Everything in the listing should be copied exactly, save for the pictures.

▶ **Supplied data**:
· · · · · · ·

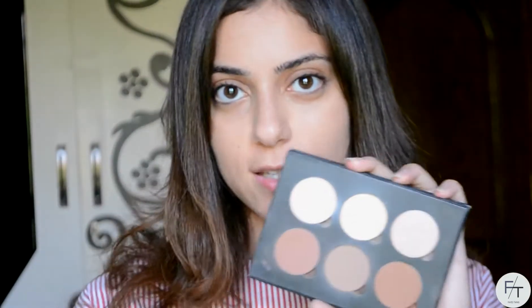Going back to my Anastasia Beverly Hills Contour Kit, I'm gonna be taking this color, which is very warm, on a big powder brush, and I'm just gonna be kind of bronzing my face with it. A trick that I like to do — I like to get a big powder brush whenever I bronze, tap and blow the excess off, then pinch it and put on my bronzer. So I'm just kind of putting it everywhere: my cheekbones, my temples, my jaw.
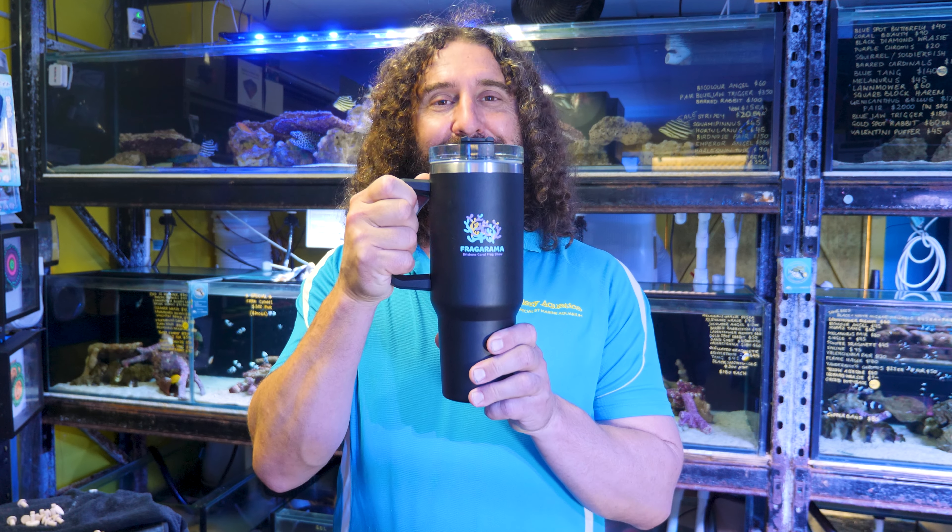G'day reefers, I'm Cam the Fish Guy. Welcome to Gala Aquatica TV. Today we're going to be looking at one of the most exciting pieces of reefing kit that we have seen in years. It is really innovative. It's going to revolutionise the way that people transport their frags and massively reduce the amount of plastic waste we produce as a hobby. I am of course talking about the Fragorama Caddy Cup.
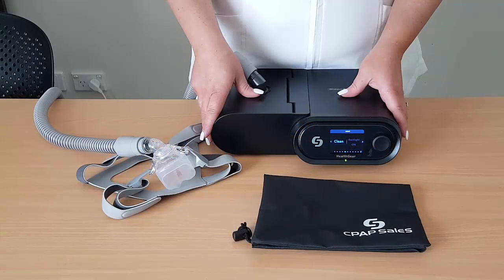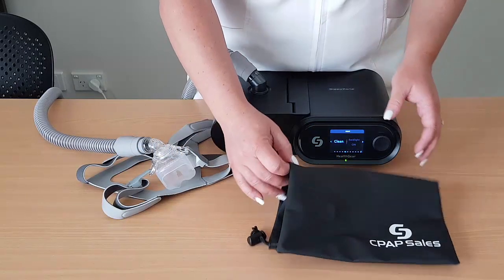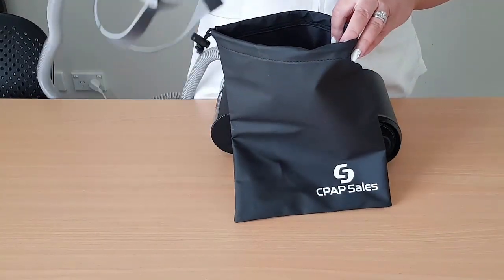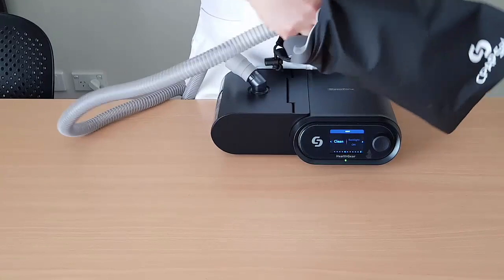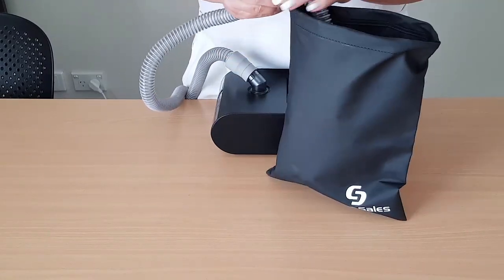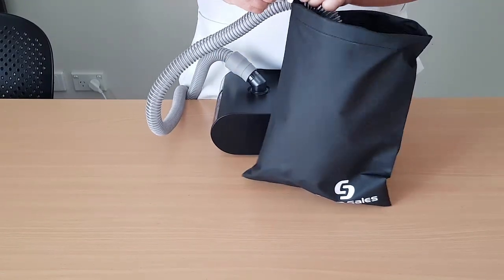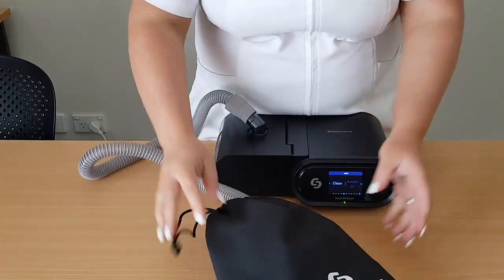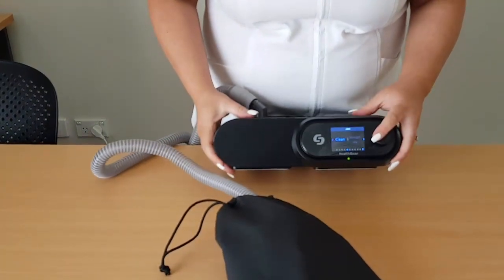This feature can also be used to clean your mask. Take your mask and use the mask bag provided. Pop your mask in and pull tight the drawstring, then follow the on-screen prompts.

· · · · · · ·

▶ **Result**:
Going back to my Anastasia Beverly Hills Contour Kit, I'm gonna be taking this color, which is very warm, on a big powder brush, and I'm just gonna be kind of bronzing my face with it. A trick that I like to do — I like to get a big powder brush whenever I bronze, tap and blow the excess off, then pinch it and put on my bronzer. So I'm just kind of putting it everywhere: my cheekbones, my temples, my jaw.
G'day reefers, I'm Cam the Fish Guy. Welcome to Gala Aquatica TV. Today we're going to be looking at one of the most exciting pieces of reefing kit that we have seen in years. It is really innovative. It's going to revolutionise the way that people transport their frags and massively reduce the amount of plastic waste we produce as a hobby. I am of course talking about the Fragorama Caddy Cup.
This feature can also be used to clean your mask. Take your mask and use the mask bag provided. Pop your mask in and pull tight the drawstring, then follow the on-screen prompts.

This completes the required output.